The most important thing to notice in project list view is the binding of collection events to view object methods. We are attaching collection events (like adding and removing items) to objects add and remove methods where we are doing the respective view handling, rendering new project item view (for every collection item) and removing the view (LI element) from the list.

projects = new ProjectCollection();
/*
 * Fetching projects from DB
 */
projects.fetch({success: function() {
	projectListView = new ProjectList({
		collection: projects,
		el: $projects
	});
	projectListView.render();

	/*
	 * Triggering click on first project which will load its tasks
	 */
	$projects.find('li:nth-child(2)').find('a').trigger('click');
}});

With the code snippet above, we are starting our app. After we initialize ProjectCollection object, its fetch method is being called which then pulls projects from the server part.
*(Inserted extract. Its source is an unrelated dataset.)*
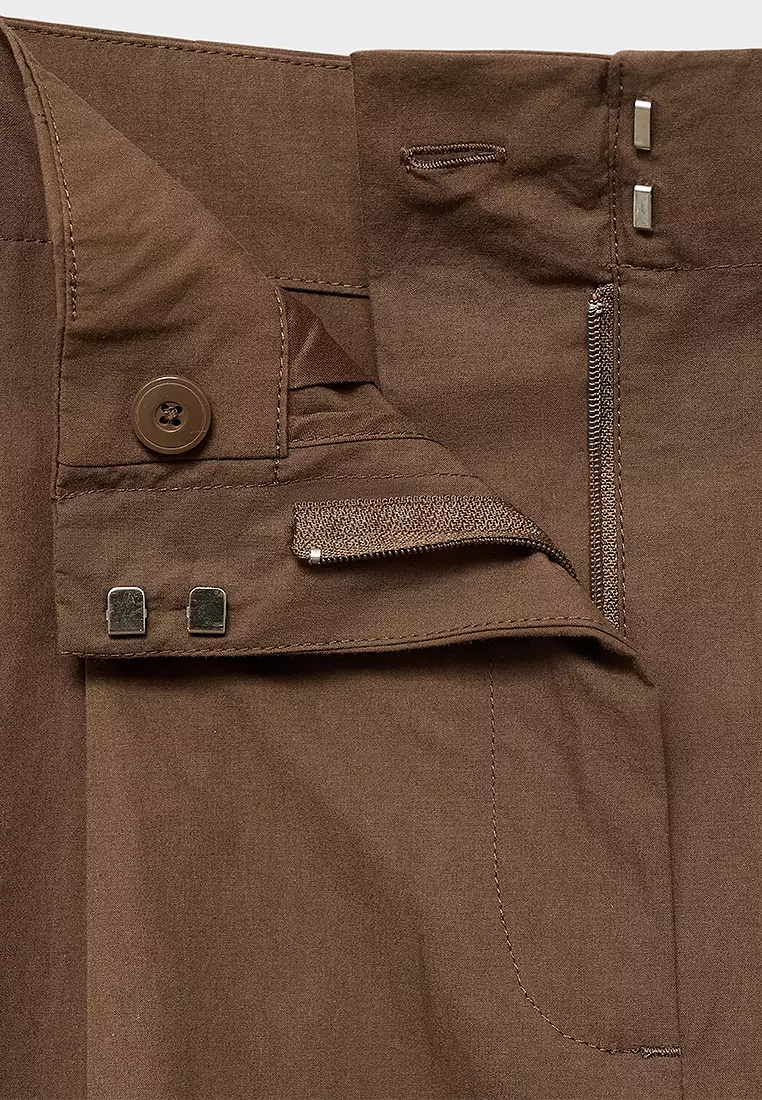 Cotton Suit Bermuda Shorts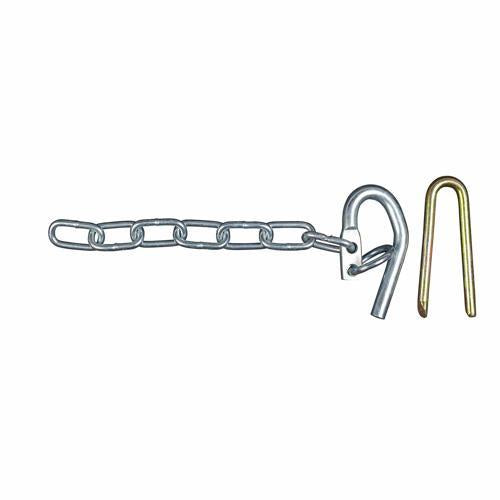 Hang-It Gate Fastener Loose Ring & Staple 200mm Silver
Upon success we are initializing ProjectList view object and giving it our fetched projects and view where it should attach it self.

The third remaining view object type is the modal dialog form.

ProjectDialog = Backbone.View.extend({
	/*
	 * Events which we are listening and their respective selectors that triggers them
	 */
	events: {
		'click .save-action': 'save',
		'click .close,.close-action': 'close',
		'change input': 'modify'
	},
	initialize: function() {
		this.template = _.template($('#project-dialog').html());
	},
	render: function() {
		this.$el.html(this.template(this.model.toJSON()));
		return this;
	},
	/*
	 * Displaying the dialog
	 */
	show: function() {
		$(document.body).append(this.render().el);
	},
	/*
	 * Removing the dialog
	 */
	close: function() {
		this.remove();
	},
	/*
	 * Fires when we click save on the form
	 */
	save: function() {
		/*
		 * If this is new project it won't have the ID attribute defined
		 */
		if (null == this.model.id) {
			/*
			 * We are creating our model through its collection (this way we'll automatically update its views and persist it to DB)
			 */
			projects.create(this.model);
		} else {
			/*
			 * Simple save will persist the model to the DB and update its view
			 */
			this.model.save();
		}
		/*
		 * Hiding modal dialog window
		 */
		this.remove();
	},
	/*
	 * We listen to every change on forms input elements and as they have the same name as the model attribute we can easily update our model
	 */
	modify: function(e) {
		var attribute = {};
		/*
		 * We'll fetch name and value from element that triggered "change" event
		 */
		attribute[e.currentTarget.name] = e.currentTarget.value;
		this.model.set(attribute);
	}
});

First, we initialize events that when triggered will call our view objects method. As you can see the syntax is ‘event selector’: ‘method’.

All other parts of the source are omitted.